O diretor, o diretor de cena, o diretor de fotografia, o cenógrafo, o
roteirista, a produção, o elenco, os músicos, os auxiliares,
o motorista; todos escreviam estrofes desse poema, que leva um pouco de cada
um, do imaginário, da realidade, das frustrações, das conquistas
nesse processo humano de fazer cinema. Foi o que mais sentir: humanidade, solidariedade,
equipe, família; como são aqueles que ficam juntos a qualquer
custo, a qualquer sonho que pedir por socorro.
Kayonara Souza
[Produtora executiva de Viva o Cinema Brasileiro!]
O Viva o Cinema Brasileiro! foi pré-produzido e produzido sob muita adrenalina
(é isso mesmo!), num tempo corrido e inadiável: tinha que acontecer!

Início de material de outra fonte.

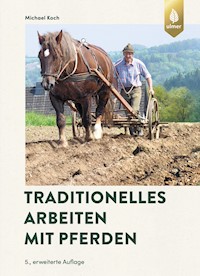 Traditionelles Arbeiten mit Pferden - Michael Koch - E-Book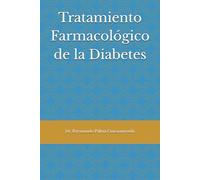 Tratamiento Farmacológico de la Diabetes: Ambulatorio y Hospitalario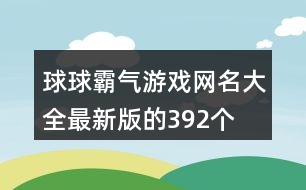 球球霸氣游戲網(wǎng)名大全最新版的392個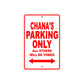 Chana's Name Parking Only All Others Will Be Towed Sign Plate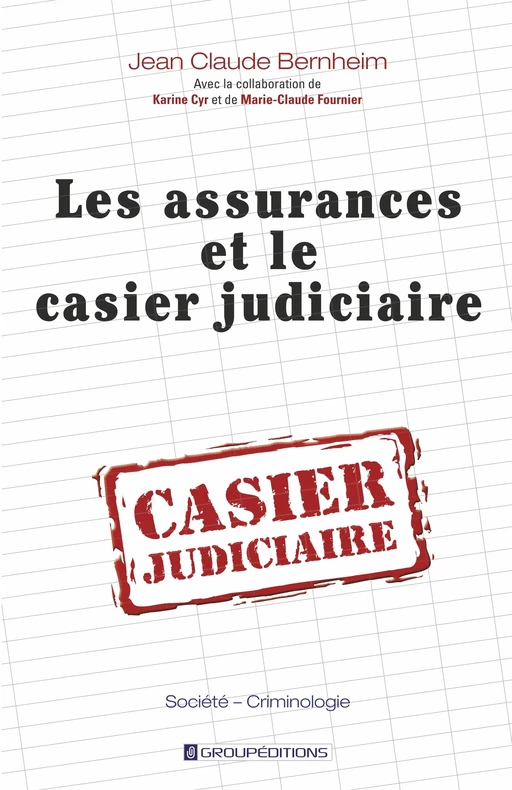 Les assurances et le casier judiciaire -  - Groupéditions Editeurs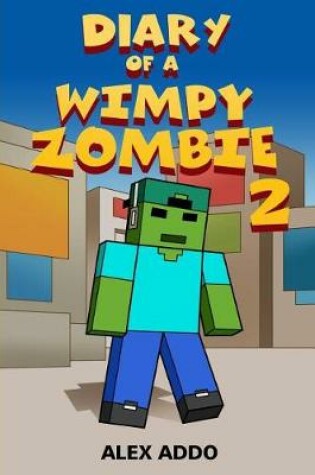 Cover of Diary of a Wimpy Zombie 2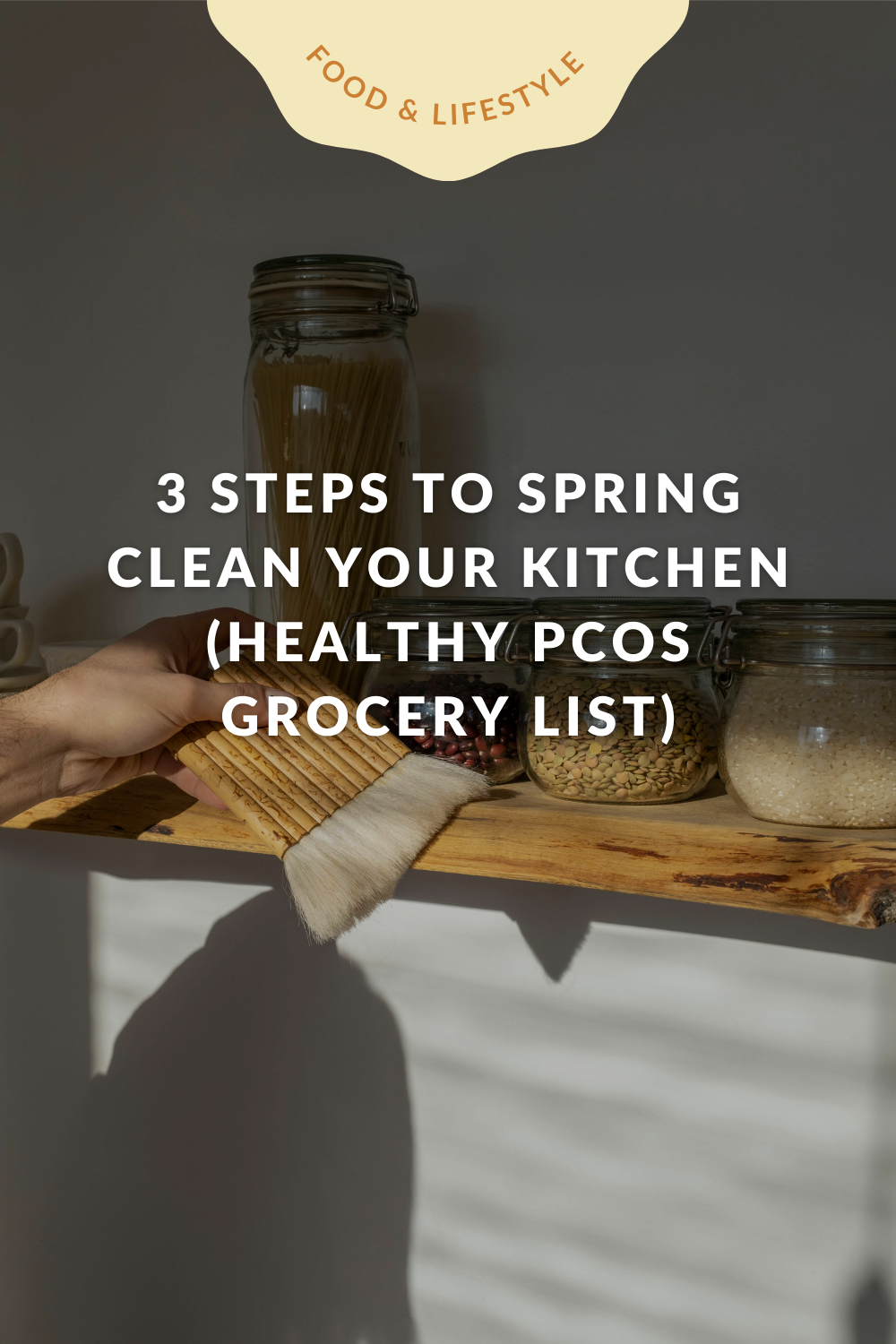 3 Steps to Spring Clean your Kitchen (+ Healthy PCOS Grocery List)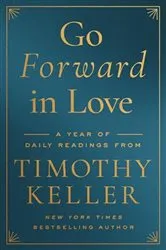 Book cover of Go Forward in Love by Timothy Keller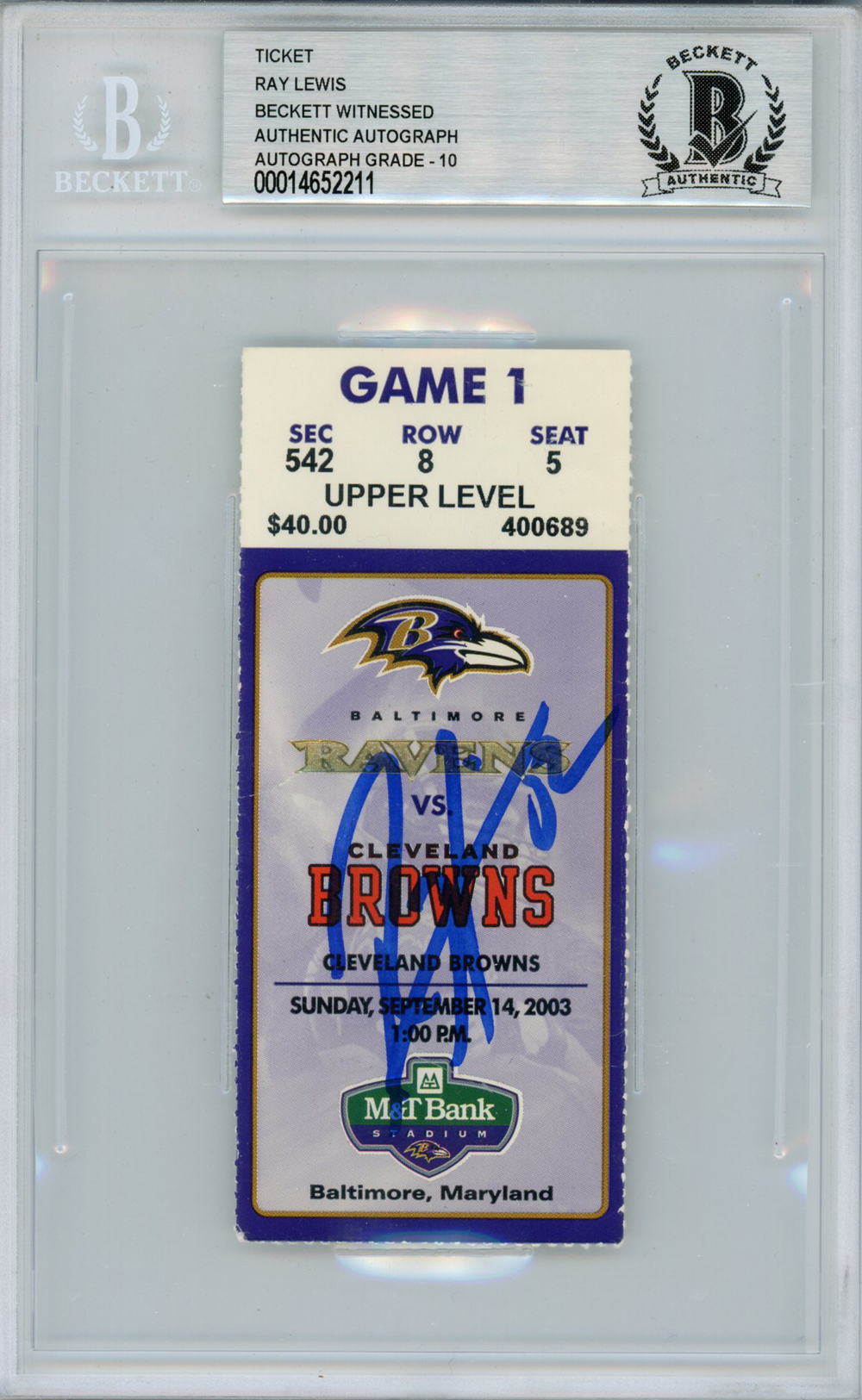 Ray Lewis Autographed/Signed 9/14/2003 vs Browns Ticket Beckett Slab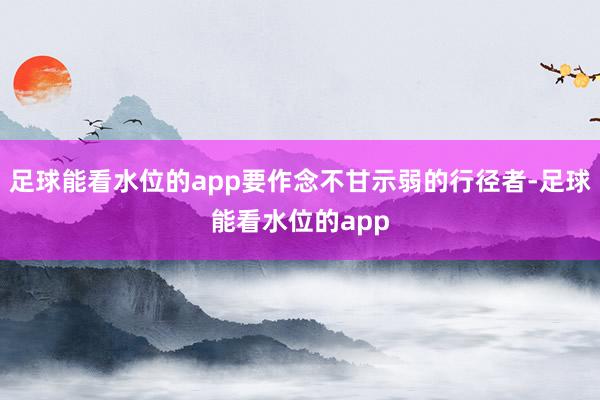 足球能看水位的app要作念不甘示弱的行径者-足球能看水位的app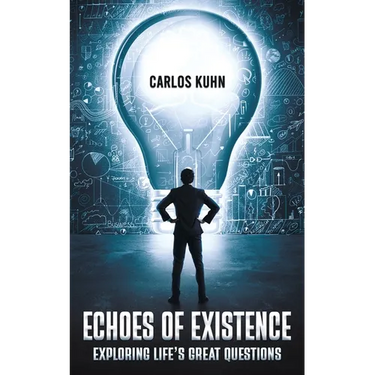 Echoes of Existence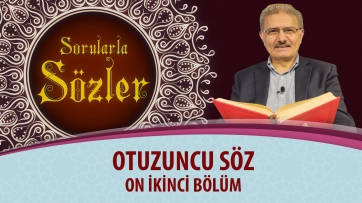 30. Söz - On İkinci Bölüm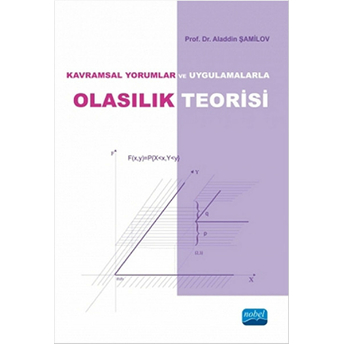 Kavramsal Yorumlar Ve Uygulamalarla Olasılık Teorisi-Aladdin Şamilov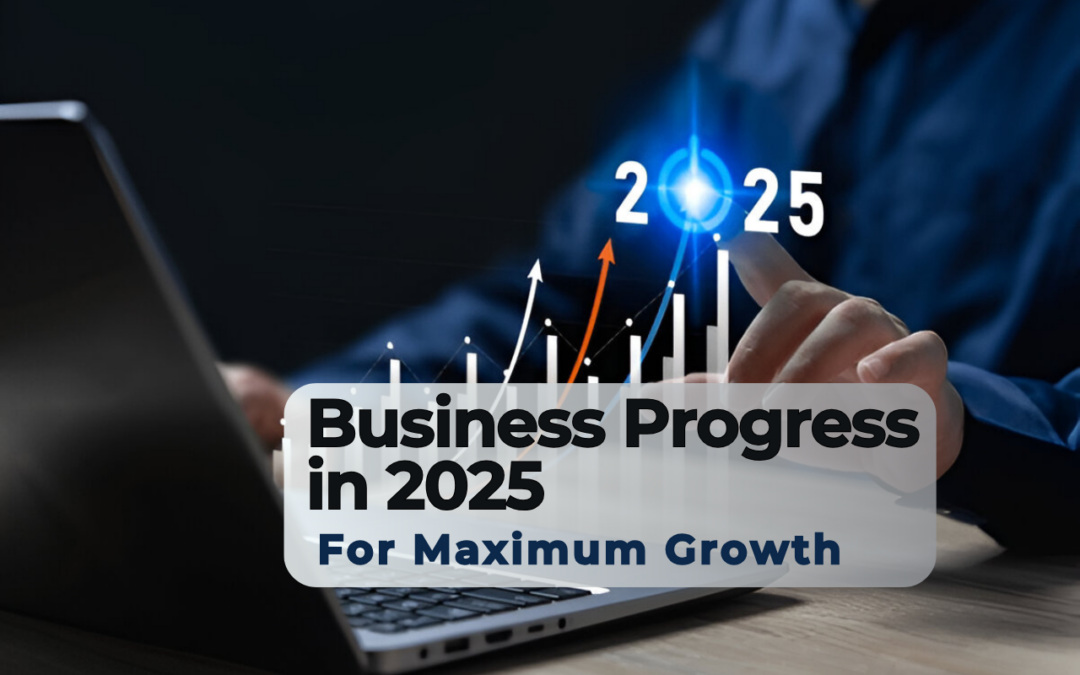 Strategic Beginnings: Navigating Business Progress in 2025 for Maximum Growth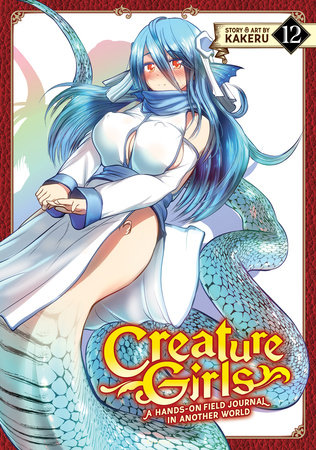Creature Girls: A Hands-On Field Journal in Another World Vol. 12 by Kakeru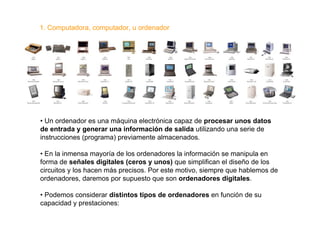 1. Computadora, computador, u ordenador




• Un ordenador es una máquina electrónica capaz de procesar unos datos
de entrada y generar una información de salida utilizando una serie de
instrucciones (programa) previamente almacenados.

• En la inmensa mayoría de los ordenadores la información se manipula en
forma de señales digitales (ceros y unos) que simplifican el diseño de los
circuitos y los hacen más precisos. Por este motivo, siempre que hablemos de
ordenadores, daremos por supuesto que son ordenadores digitales.

• Podemos considerar distintos tipos de ordenadores en función de su
capacidad y prestaciones:
 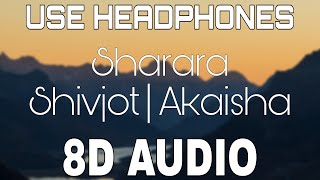 Sharara [8D AUDIO] Shivjot | Akaisha | 8D Punjabi Songs 2020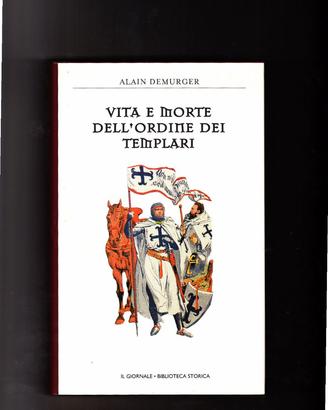 Vita e morte dell'ordine dei Templari- Demurger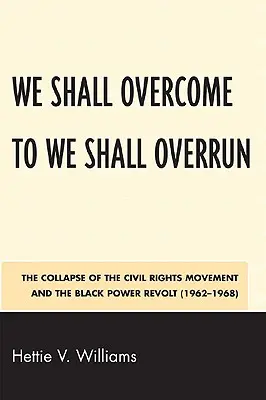 We Shall Overcome to We Shall Overrun: (1962-1968): Prekonáme: Kolaps hnutia za občianske práva a vzbura Black Power (1962-1968) - We Shall Overcome to We Shall Overrun: The Collapse of the Civil Rights Movement and the Black Power Revolt (1962-1968)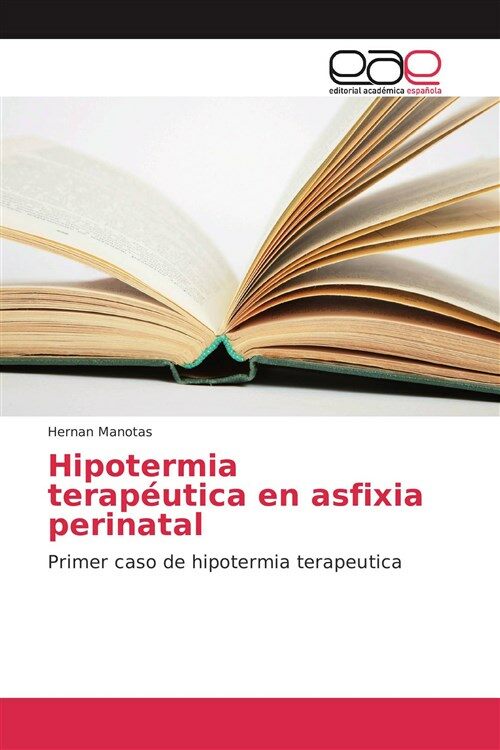 Hipotermia terap?tica en asfixia perinatal (Paperback)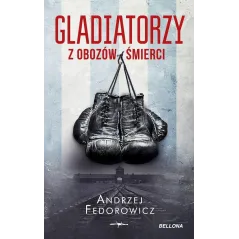 GLADIATORZY Z OBOZÓW ŚMIERCI Andrzej Fedorowicz - Bellona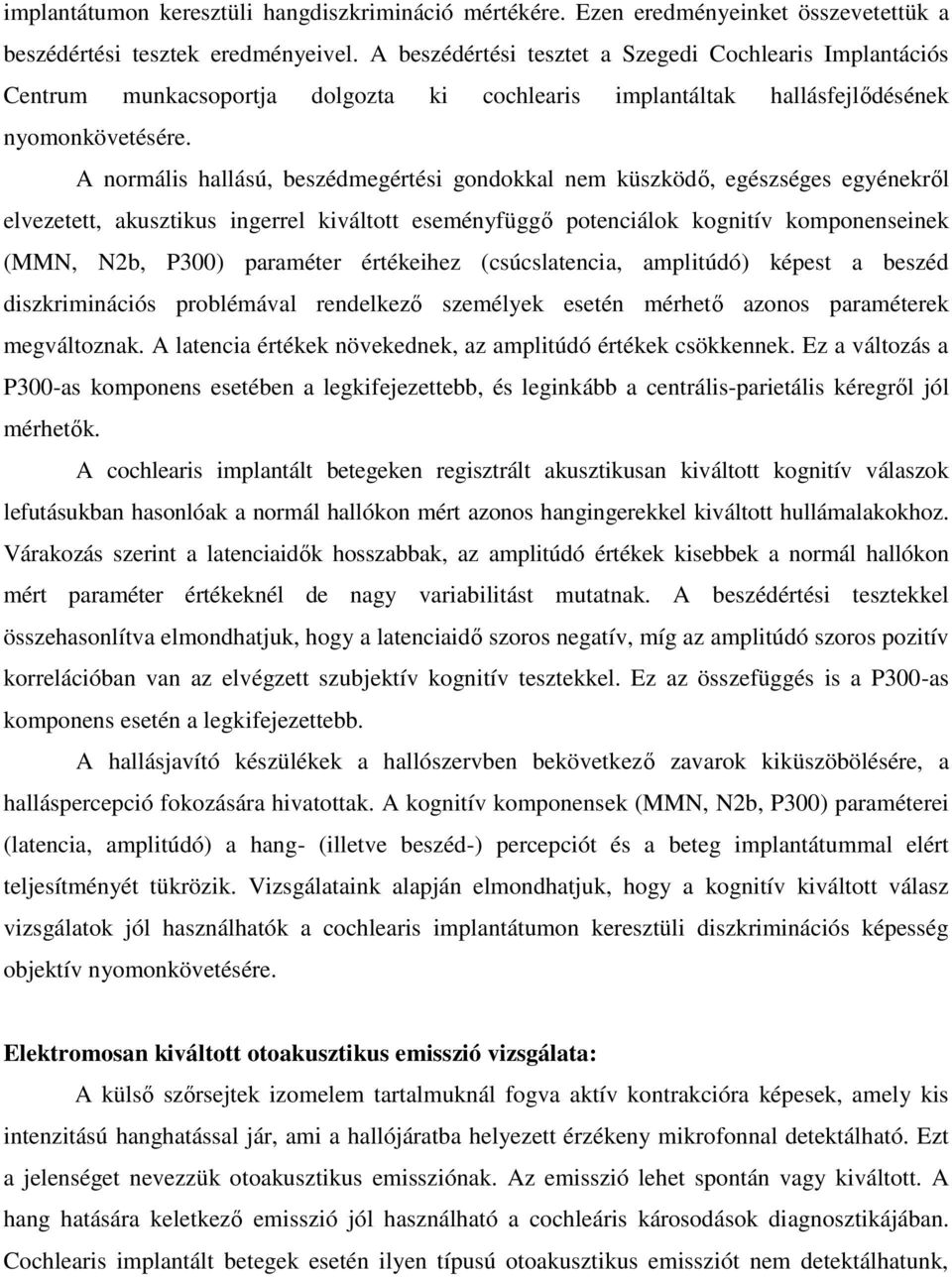 A normális hallású, beszédmegértési gondokkal nem küszködő, egészséges egyénekről elvezetett, akusztikus ingerrel kiváltott eseményfüggő potenciálok kognitív komponenseinek (MMN, N2b, P300) paraméter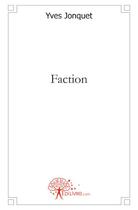 Couverture du livre « Faction » de Yves Jonquet aux éditions Edilivre
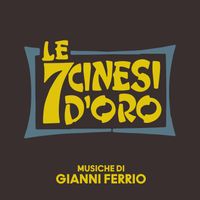 Gianni Ferrio - Le 7 cinesi d'oro (Original Soundtrack)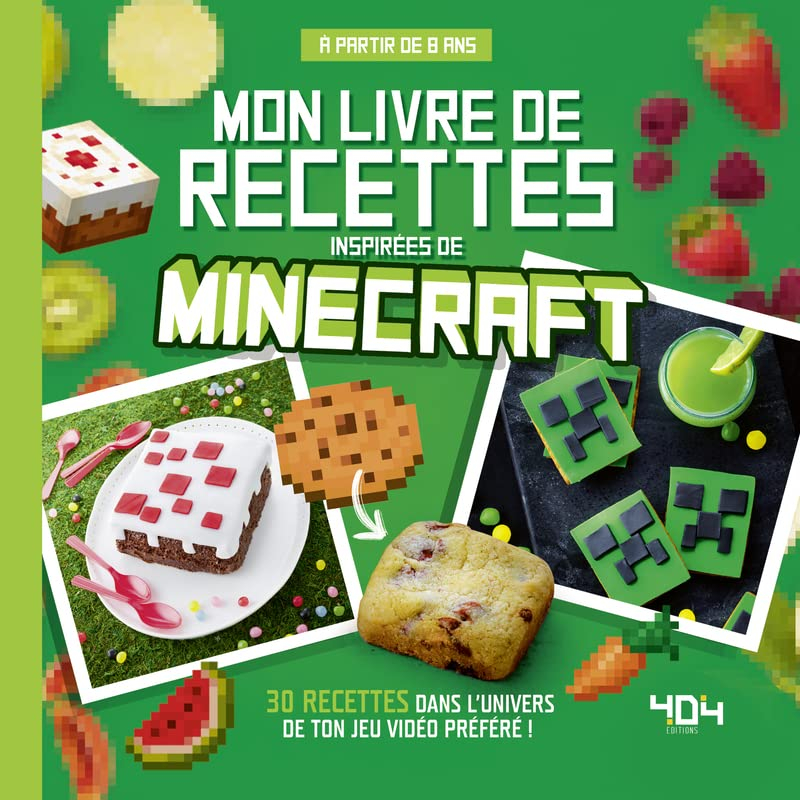 Mon livre de recettes inspirées de Minecraft : 30 recettes dans l'univers de ton jeu vidéo préféré !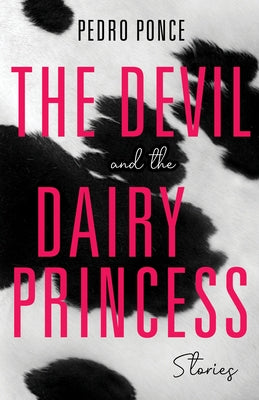 The Devil and the Dairy Princess: Stories by Ponce, Pedro E.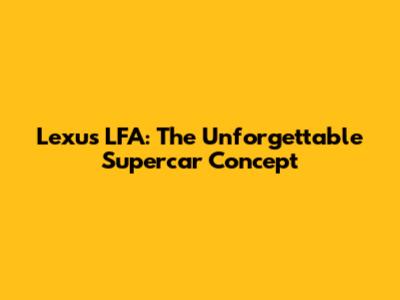 Lexus LFA: The Unforgettable Supercar Concept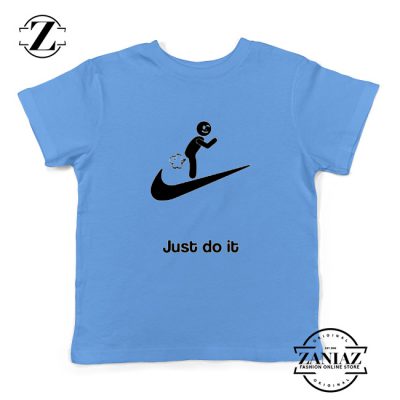 Just Do It Quote Youth Shirts Parody Nike Kids T-Shirt Size S-XL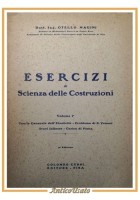 ESERCIZI DI SCIENZA DELLE COSTRUZIONI Volume 1 Otello Magini 1948 Colombo Cursi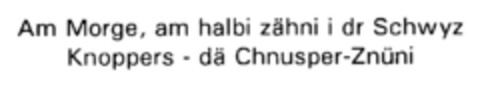 Am Morge, am halbi zähni i dr Schwyz Knoppers - dä Chnusper-Znüni Logo (IGE, 16.08.2000)
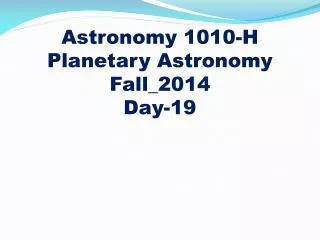 Astronomy 1010-H
Planetary Astronomy Fall_2014 Day-19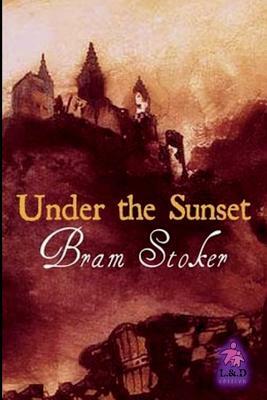 Under the Sunset by Bram Stoker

Sob quaisquer condições - era essa a condição -
e hipóteses.
O processo do filme foi de completa TRANSFORMAçÃO. Transformação
da idéia para a obra produzida, da realidade dos agricultores para o
sonho, da mente e coração de toda equipe, dos conceitos já
engendrados para o renovável, da paisagem seca para a produtiva, da falta
de verba para o excesso criatividade e competência. E o processo continuará
a cada exibição do filme, a cada aprovação ou reprovação.